Я не ходила на его похороны. Я не хотела видеть отвратительный во всей своей респектабельности гроб, мерзкую пышность венков и цветов. Я хотела, чтобы Олег навсегда остался таким, каким я его видела в последний день нашей любви. Иногда я думала о том, что может быть вовсе не Олег взорвался в той машине? Может, он просто скрылся, может, его жизни угрожала опасность. И он жив, а если он жив, то когда-нибудь он вернется ко мне.
Конечно же, следствие по делу о его гибели зашло в тупик, и постепенно стало тихо спускаться на тормозах. Виновных так и не нашли. «Империя» Игнатьева тоже куда-то исчезла, ушла, растворилась уплыла в чьи-то тихие крепкие руки. Моя родина, с легкостью убивающая лучших своих сыновей, быстро позабыла об одном из них. За его депутатское место боролась целая свора кандидатов, и кто-то из них стал счастливым обладателем депутатской неприкосновенности.
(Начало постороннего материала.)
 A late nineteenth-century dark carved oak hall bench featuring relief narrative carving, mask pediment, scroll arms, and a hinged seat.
Погруженная в оцепенение, я не скоро осознала, что хожу на работу совершенно автоматически. А когда очнулась, то поняла, что не хочу больше работать в этой газете. И в журналистике вообще. Я не могу обслуживать чудовищную и циничную власть, убившую Олега. Кто бы ни были его убийцы, его главная убийца — сама наша жизнь, которую он по мере своих сил пытался повернуть в иное русло. Но не смог и не успел.
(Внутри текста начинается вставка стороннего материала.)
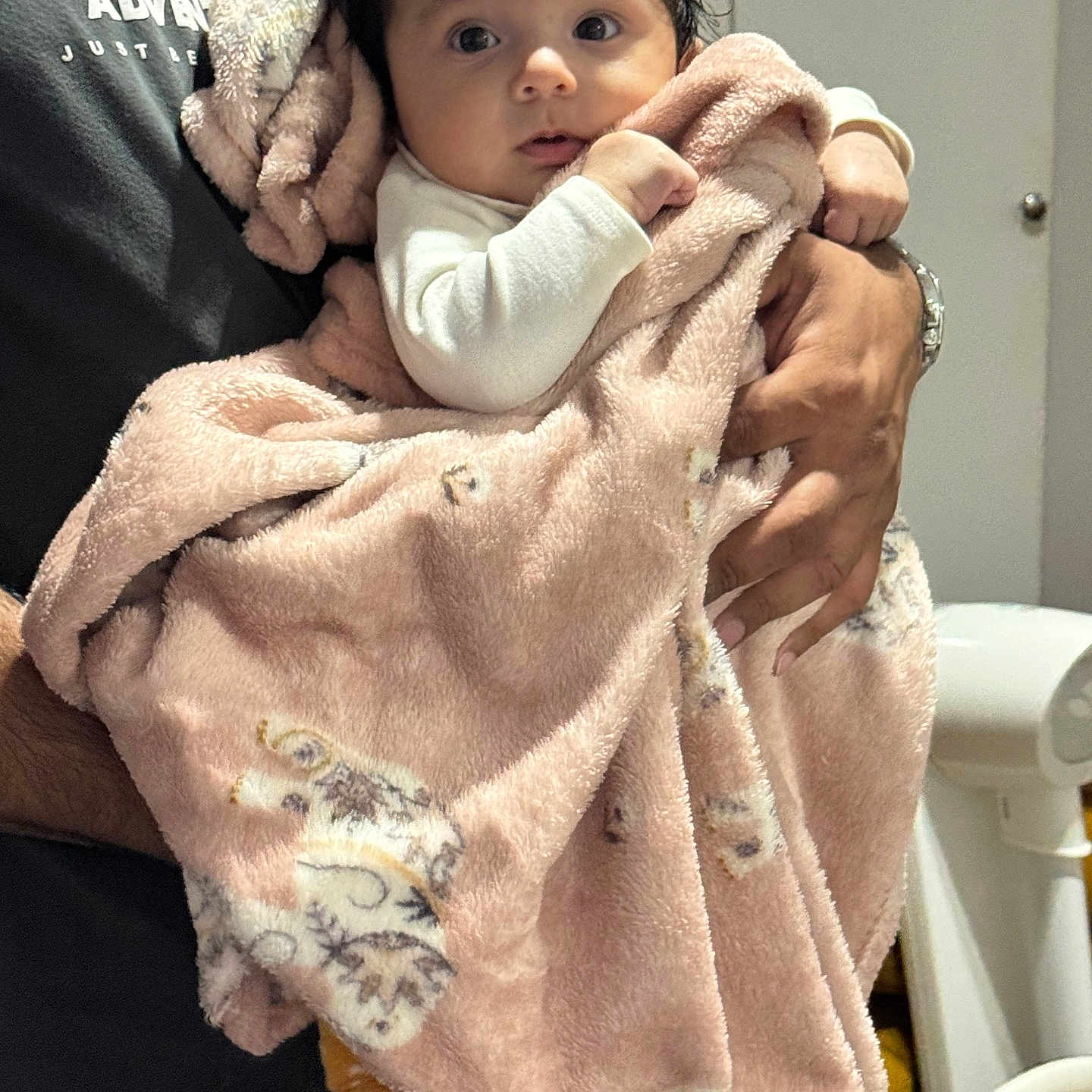 Zara joined the competition — help win amazing prizes! adult, animal_print, baby, blanket, child, clothing, curious, cute, family, hands, holding, indoor, infant, newborn, person, pink_blanket, portrait, soft_texture, warm, wide_eyes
Мы еще продолжали жить с Фаритом, мы даже не разводились. Он никогда не напоминал мне об Олеге. Но прежние отношения были потеряны навсегда. Теплота и искренность так и не вернулись к нам.
Еще через год, когда началась война в Югославии, Фарит каким-то непостижимым образом сумел устроиться военным корреспондентом и сказал мне о своем решении накануне отъезда.
Он уехал и стал исправно присылать деньги. Это были довольно большие суммы, позволяющие нам с Тимуром существовать вполне безбедно.
Я больше не работала в газете. Не знаю откуда, но во мне проснулась позабытая в детстве страсть к рисованию. Когда-то я закончила даже художественную школу. Я начала с простеньких пейзажей, но потом все чаще и чаще на моих полотнах стал появляться город. Странный и призрачный город, которого никогда не существовало, город, в котором жили я и Олег.
О нет, я не превратилась в сумасшедший, тихо стареющий «синий чулок». Я ведь была живая, я продолжала любить жизнь и мужчин. Теперь у меня было много знакомых художников. И один из них стал мне особенно близким другом. Снисходительная, я прощала моим мужчинам все — необязательность и лживость, слабость и осторожность, корысть и пьянство… Порочные создания, изломанные нашим жестоким временем! Что было взять с них? Ни один из них не был похож на Олега Игнатьева.
Иногда я думала, а было ли все это? Был ли в моей жизни Игнатьев? Был ли Крис? И что это, фрагменты моей жизни, или серии какого-то мучительно-жестокого боевика? Или мыльная опера с кровавым концом? И чем же закончится наша общая мыльная опера — наша действительность, с каждым годом принимающая все более грозный и трагический лик?